Schurz announced on September 14, 2015, that it would exit broadcasting and sell its television and radio stations, including KWCH-DT and its satellites, to Gray Television for $442.5 million. Gray already owned KAKE and its satellites (including KUPK channel 13); however, it sold that station to Lockwood Broadcast Group and kept the KBS stations. The sale was completed on February 16, 2016.

==Newscasts==

KTVC/KBSD produced a full local newscast for many years, in addition to simulcasting newscasts from KTVH/KWCH. News programming on the station in recent years has been downsized to reports contributed to KWCH's Wichita-based newscasts and web content supplied through KWCH's website.

===Notable former on-air staff===
- Cameron Sanders – anchor/reporter (1978–1979)

==Technical information and subchannels==
KBSD-DT's transmitter is located east of K-23 in rural northwestern Gray County.

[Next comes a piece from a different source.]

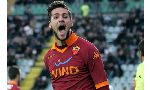 US Sassuolo Calcio 0 - 2 AS Roma (Italia 2013-2014, vòng 31)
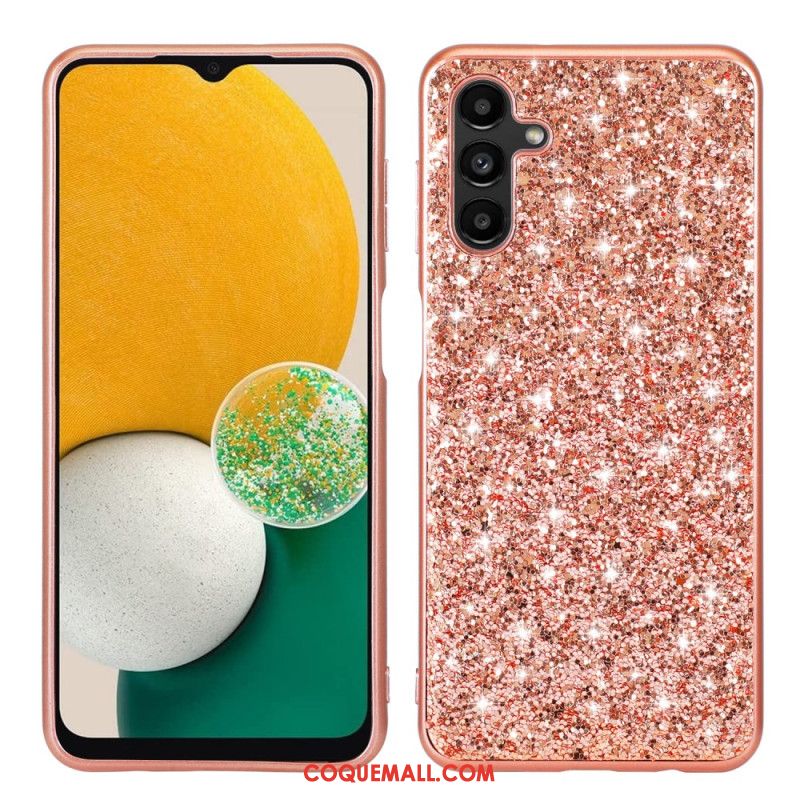 Coque Samsung Galaxy A15 5G Paillettes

The station's signal is multiplexed:

Subchannels of KBSD-DT
| Channel | Res. | Short name | Programming |
| 6.1 | 1080i | KBSD-DT | CBS |
| 6.2 | 480i | KBSD-WX | Always On Storm Team 12 |
| 6.3 | Heroes | Heroes & Icons |
| 6.4 | Outlaw | Outlaw |

===Analog-to-digital conversion===
KBSD shut down its analog signal, over VHF channel 6, on June 12, 2009, the official date on which full-power television stations in the United States transitioned from analog to digital broadcasts under federal mandate. The station's digital signal relocated from its pre-transition VHF channel 5 to channel 6. The station modified its callsign to KBSD-DT two weeks later on June 25, 2009, in reflection of the transition.

The digital transition resulted in the loss of ability to listen to KBSD's audio feed over 87.7 FM; due to power outages caused by the storm and the fact that most radio stations in the area are automated during the overnight hours and on weekends, KBSD's audio rebroadcast of KWCH's severe weather coverage was one of few ways that Greensburg residents were able to receive information during and in the immediate aftermath of the EF5 tornado that struck the town on May 4, 2007. Television stations broadcasting on VHF channel 6 were audible over this frequency during the analog television era, although this is no longer possible due to the transition, even for stations that broadcast their digital signals on channel 6.